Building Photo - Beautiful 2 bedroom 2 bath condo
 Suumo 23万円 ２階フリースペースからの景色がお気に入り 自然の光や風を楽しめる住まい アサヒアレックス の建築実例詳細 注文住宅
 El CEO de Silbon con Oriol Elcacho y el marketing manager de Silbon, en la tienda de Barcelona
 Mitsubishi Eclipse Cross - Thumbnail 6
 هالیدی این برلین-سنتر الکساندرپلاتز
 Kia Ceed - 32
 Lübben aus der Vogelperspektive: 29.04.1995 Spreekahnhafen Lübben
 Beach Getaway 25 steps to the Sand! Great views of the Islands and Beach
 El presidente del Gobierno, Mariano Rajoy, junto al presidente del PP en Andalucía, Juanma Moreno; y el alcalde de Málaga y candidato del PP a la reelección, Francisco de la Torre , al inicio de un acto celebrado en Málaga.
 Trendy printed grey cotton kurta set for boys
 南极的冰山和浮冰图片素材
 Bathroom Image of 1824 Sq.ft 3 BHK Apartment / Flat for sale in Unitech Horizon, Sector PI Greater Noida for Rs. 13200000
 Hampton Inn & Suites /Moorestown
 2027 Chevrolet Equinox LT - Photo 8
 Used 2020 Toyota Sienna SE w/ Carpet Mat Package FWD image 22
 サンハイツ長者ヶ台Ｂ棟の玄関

→ **What is needed**
Could you return the complete listing, word for word?

→ **Response area**
Building Photo - Beautiful 2 bedroom 2 bath condo
 Suumo 23万円 ２階フリースペースからの景色がお気に入り 自然の光や風を楽しめる住まい アサヒアレックス の建築実例詳細 注文住宅
 El CEO de Silbon con Oriol Elcacho y el marketing manager de Silbon, en la tienda de Barcelona
 Mitsubishi Eclipse Cross - Thumbnail 6
 هالیدی این برلین-سنتر الکساندرپلاتز
 Kia Ceed - 32
 Lübben aus der Vogelperspektive: 29.04.1995 Spreekahnhafen Lübben
 Beach Getaway 25 steps to the Sand! Great views of the Islands and Beach
 El presidente del Gobierno, Mariano Rajoy, junto al presidente del PP en Andalucía, Juanma Moreno; y el alcalde de Málaga y candidato del PP a la reelección, Francisco de la Torre , al inicio de un acto celebrado en Málaga.
 Trendy printed grey cotton kurta set for boys
 南极的冰山和浮冰图片素材
 Bathroom Image of 1824 Sq.ft 3 BHK Apartment / Flat for sale in Unitech Horizon, Sector PI Greater Noida for Rs. 13200000
 Hampton Inn & Suites /Moorestown
 2027 Chevrolet Equinox LT - Photo 8
 Used 2020 Toyota Sienna SE w/ Carpet Mat Package FWD image 22
 サンハイツ長者ヶ台Ｂ棟の玄関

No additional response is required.